[Short text fragments from websites]
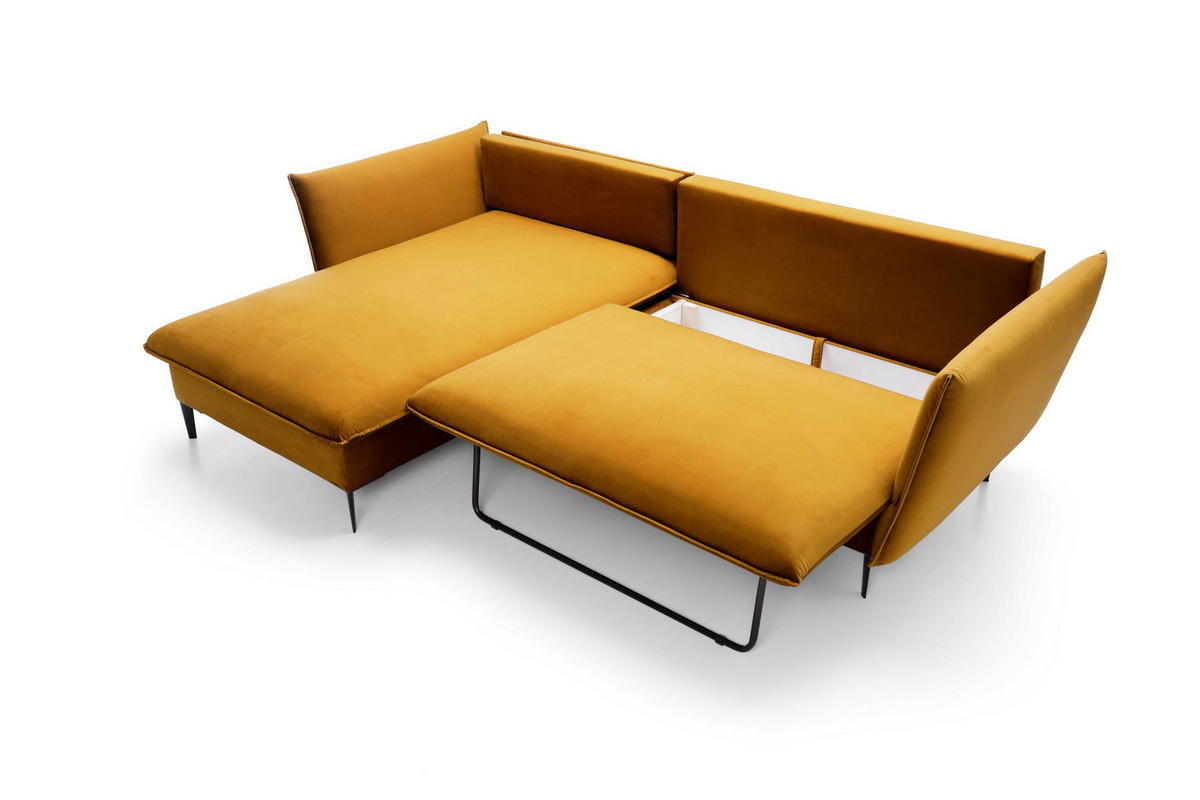 ECKSOFA SOLE Gelb Plüsch-Stoff mit Schlaffunktion - Gelb, Holz (258/167cm) - MASSENO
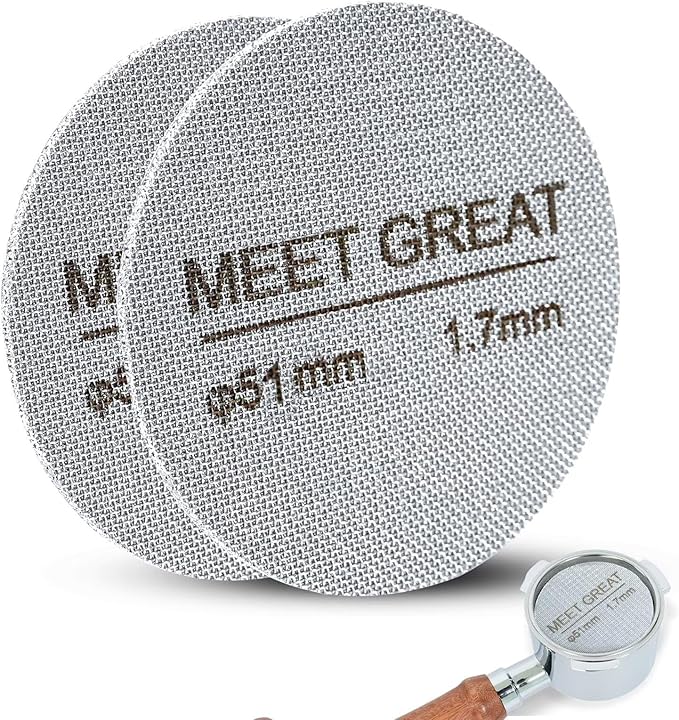 Meet Great- 2 Packs 51mm Espresso Puck Screen, 1.7mm Thickness 150?œm 316L Stainless Steel, Upgraded Reusable Coffee Filter Screen for 51mm Breville Portafilter Filter Basket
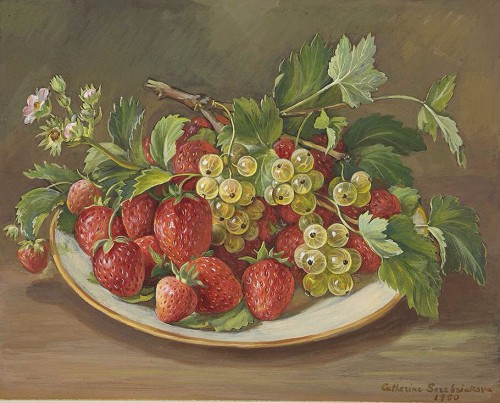 Блюдце с клубникой и смородиной. 1950 г.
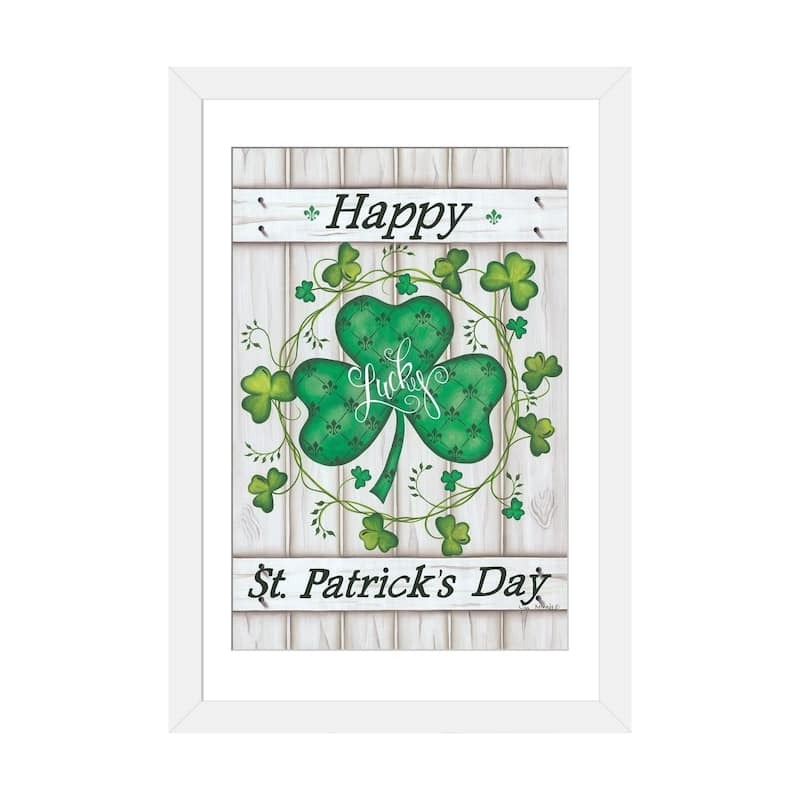 iCanvas "St. Patrick's Day" by Lisa Kennedy - White - 32x24x1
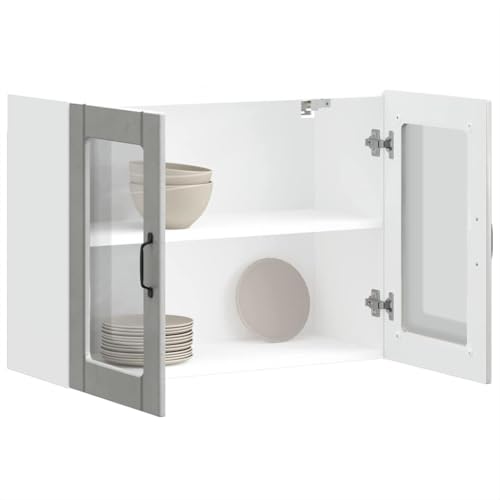 Myheimly Küchenschrank Küchenzeile,Küchenmöbel Einbauküche Schrank,Holzwerkstoff Schrank,Betongrau,Wall Glass Cabinet,80 x 31 x 60 cm von Myheimly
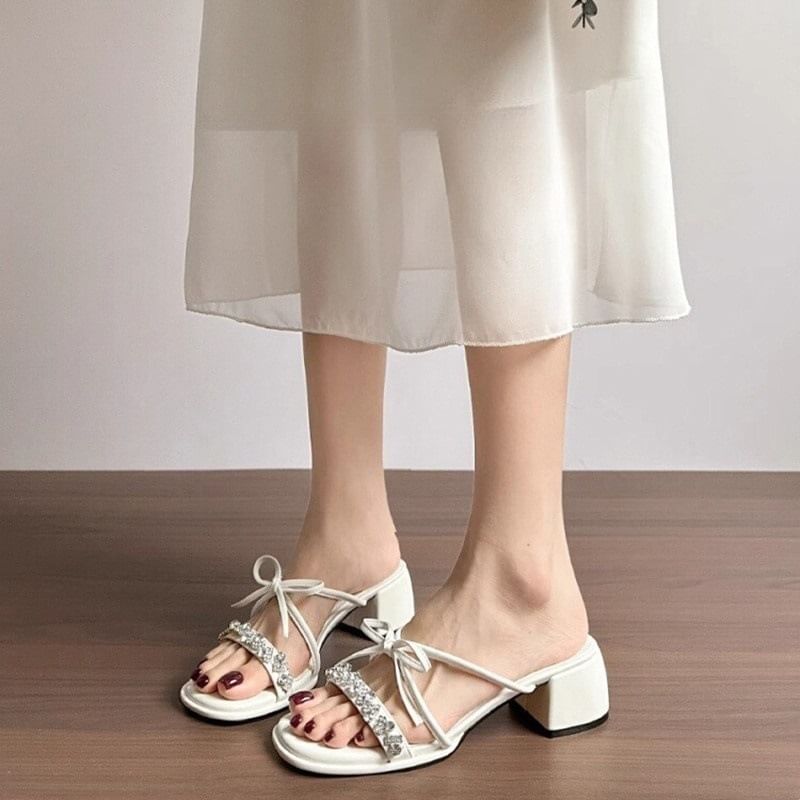 Heel Chunky Slide Sandals Bow Rhinestone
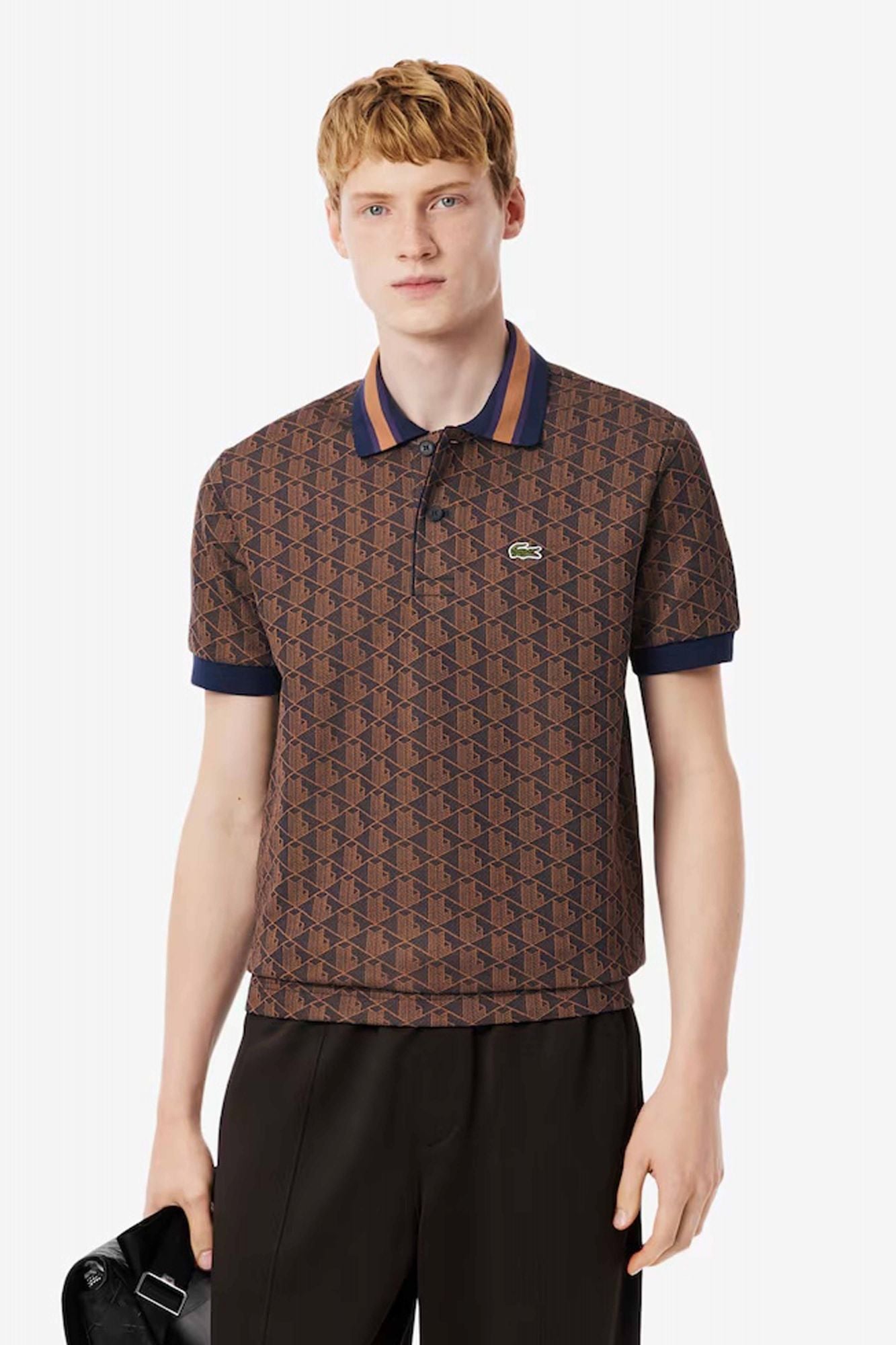 LACOSTE CLASSIC FIT MONOGRAM POLO en color MARRON (1)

INSTRUCTIONS FOR THE TASK:
Write out all the records again, exactly, minus any pictures.

ANSWER TO THIS TASK:
 ECKSOFA SOLE Gelb Plüsch-Stoff mit Schlaffunktion - Gelb, Holz (258/167cm) - MASSENO
 Meet Great- 2 Packs 51mm Espresso Puck Screen, 1.7mm Thickness 150?œm 316L Stainless Steel, Upgraded Reusable Coffee Filter Screen for 51mm Breville Portafilter Filter Basket
 Блюдце с клубникой и смородиной. 1950 г.
 iCanvas "St. Patrick's Day" by Lisa Kennedy - White - 32x24x1
 Myheimly Küchenschrank Küchenzeile,Küchenmöbel Einbauküche Schrank,Holzwerkstoff Schrank,Betongrau,Wall Glass Cabinet,80 x 31 x 60 cm von Myheimly
 Heel Chunky Slide Sandals Bow Rhinestone
 LACOSTE CLASSIC FIT MONOGRAM POLO en color MARRON (1)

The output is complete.